• [Required action]: Starting with the line below that holds "UPS BT7.2-12 12V" and stopping after the line that holds "Stone Cold Got", transcribe the lines exactly, leaving out all pictures.

• [Study material]:
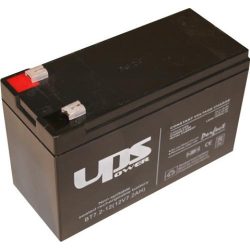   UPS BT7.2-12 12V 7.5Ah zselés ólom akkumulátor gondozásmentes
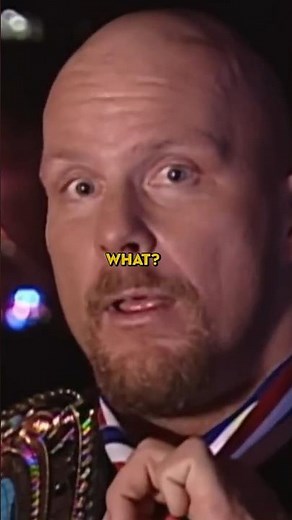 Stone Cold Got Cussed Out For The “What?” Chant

--

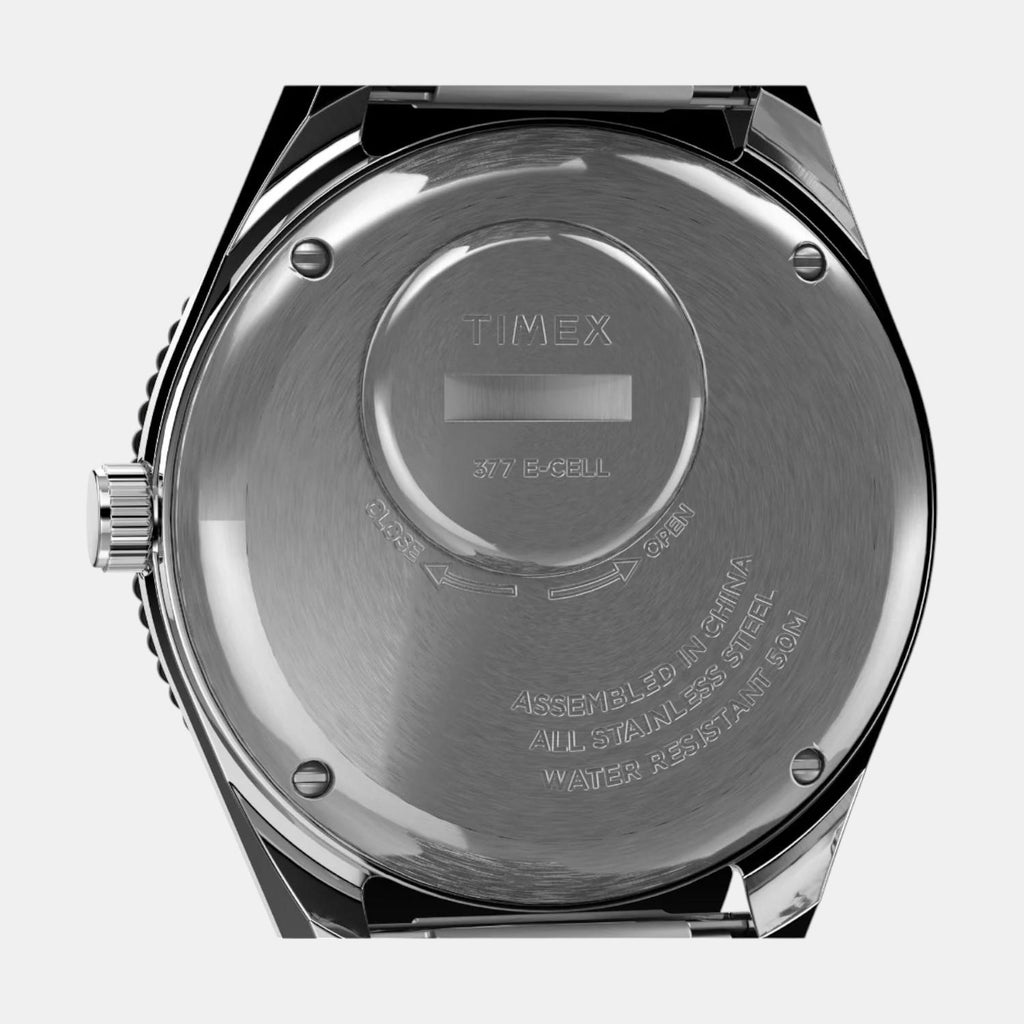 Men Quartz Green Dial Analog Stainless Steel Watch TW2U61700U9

==

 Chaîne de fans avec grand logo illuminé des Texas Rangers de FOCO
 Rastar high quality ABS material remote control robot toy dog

• [Solved exercise]:
   UPS BT7.2-12 12V 7.5Ah zselés ólom akkumulátor gondozásmentes
 Stone Cold Got Cussed Out For The “What?” Chant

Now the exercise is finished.